Wie oben beschrieben können Biozide über verschiedene Wege ausgetragen werden. Die daraus entstehenden Gefahren für die Umwelt sind vielseitig und hängen von den Austragsungswegen ab:
Ausgewaschene Biozide können direkt am unteren Ende der Fassade mit dem Niederschlagswasser in die Böden entlang der Häuser eingetragen werden und unter Umständen bis ins Grundwasser vordringen. Wenn das biozidbelastete Wasser, z. B. aus den Fassaden, in technische Anlagen zur Niederschlagsversickerung (Mulden, Mulden-Rigolen, Rigolen) eingeleitet wird, können auf gleichem Wege auch die Biozide transportiert werden (Hensen et al., 2018).
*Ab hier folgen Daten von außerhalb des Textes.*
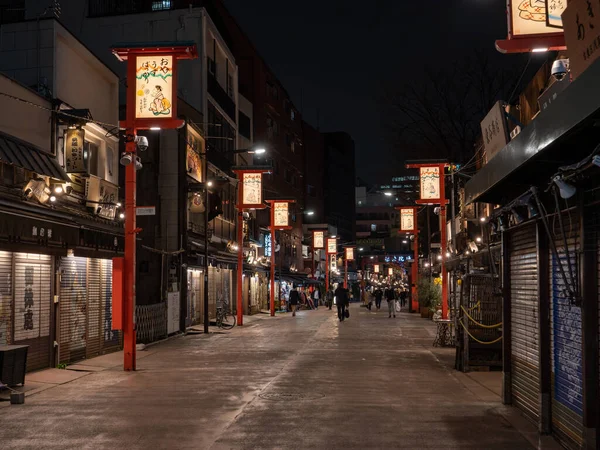 Tokio, Japan - 24.2.20: Asakusa in der Nacht, nur sehr wenige Menschen in der Nähe — Stockfoto
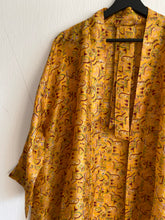 Ladda upp bild till gallerivisning, Sidenkimono ( One of a kind )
Problematisch ist es, wenn die Sickerpassage oder Vorbehandlung der Anlage nicht ausreicht, um die Biozide vor einem Transport bis ins Grundwasser zurückzuhalten (Bork et al., 2021).
Eintragspfade in die Oberflächengewässer entstehen bei Trennkanalisation mit Einleitung des Niederschlagswassers aber auch bei Einleitungen von Kläranlagen ohne vierte Reinigungsstufe, die in der Regel nicht in der Lage sind, das gesamte Spektrum an Bioziden in ausreichendem Maße zurückzuhalten.